Conformational plasticity of ligand-bound and ternary GPCR complexes studied by 19F NMR of the β1-adrenergic receptor

G-protein-coupled receptors (GPCRs) are allosteric signaling proteins that transmit an extracellular stimulus across the cell membrane. Using 19F NMR and site-specific labelling, we investigate the response of the cytoplasmic region of transmembrane helices 6 and 7 of the β1-adrenergic receptor to agonist stimulation and coupling to a Gs-protein-mimetic nanobody. Agonist binding shows the receptor in equilibrium between two inactive states and a pre-active form, increasingly populated with higher ligand efficacy. Nanobody coupling leads to a fully active ternary receptor complex present in amounts correlating directly with agonist efficacy, consistent with partial agonism.

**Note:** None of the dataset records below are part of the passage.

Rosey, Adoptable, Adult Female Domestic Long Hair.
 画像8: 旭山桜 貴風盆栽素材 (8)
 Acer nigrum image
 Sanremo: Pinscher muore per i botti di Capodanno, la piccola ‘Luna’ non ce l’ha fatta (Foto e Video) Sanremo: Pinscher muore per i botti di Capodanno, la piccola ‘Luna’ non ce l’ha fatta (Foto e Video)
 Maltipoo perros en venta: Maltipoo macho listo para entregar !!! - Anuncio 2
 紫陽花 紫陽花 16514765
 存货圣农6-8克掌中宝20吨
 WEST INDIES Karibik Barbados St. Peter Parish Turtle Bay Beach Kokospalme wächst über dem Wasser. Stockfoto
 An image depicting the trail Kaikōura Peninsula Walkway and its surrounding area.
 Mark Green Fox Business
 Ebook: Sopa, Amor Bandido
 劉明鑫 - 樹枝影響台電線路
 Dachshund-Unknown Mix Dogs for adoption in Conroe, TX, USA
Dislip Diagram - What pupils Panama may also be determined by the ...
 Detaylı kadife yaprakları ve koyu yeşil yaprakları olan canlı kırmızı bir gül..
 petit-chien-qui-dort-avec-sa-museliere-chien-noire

While for different agonists the helix 6 environment in the active-state ternary complexes resides in a well-defined conformation, showing little conformational mobility, the environment of the highly conserved NPxxY motif on helix 7 remains dynamic adopting diverse, agonist-specific conformations, implying a further role of this region in receptor function. An inactive nanobody-coupled ternary receptor form is also observed. The β1-adrenergic receptor (β1AR) is a G-protein-coupled receptor (GPCRs) that binds catecholamine ligands. Here the authors employ site-specific labelling and 19F NMR measurements to characterise the structural changes and dynamics in the cytoplasmic region of β1AR upon agonist stimulation and coupling to a Gs-protein-mimetic nanobody.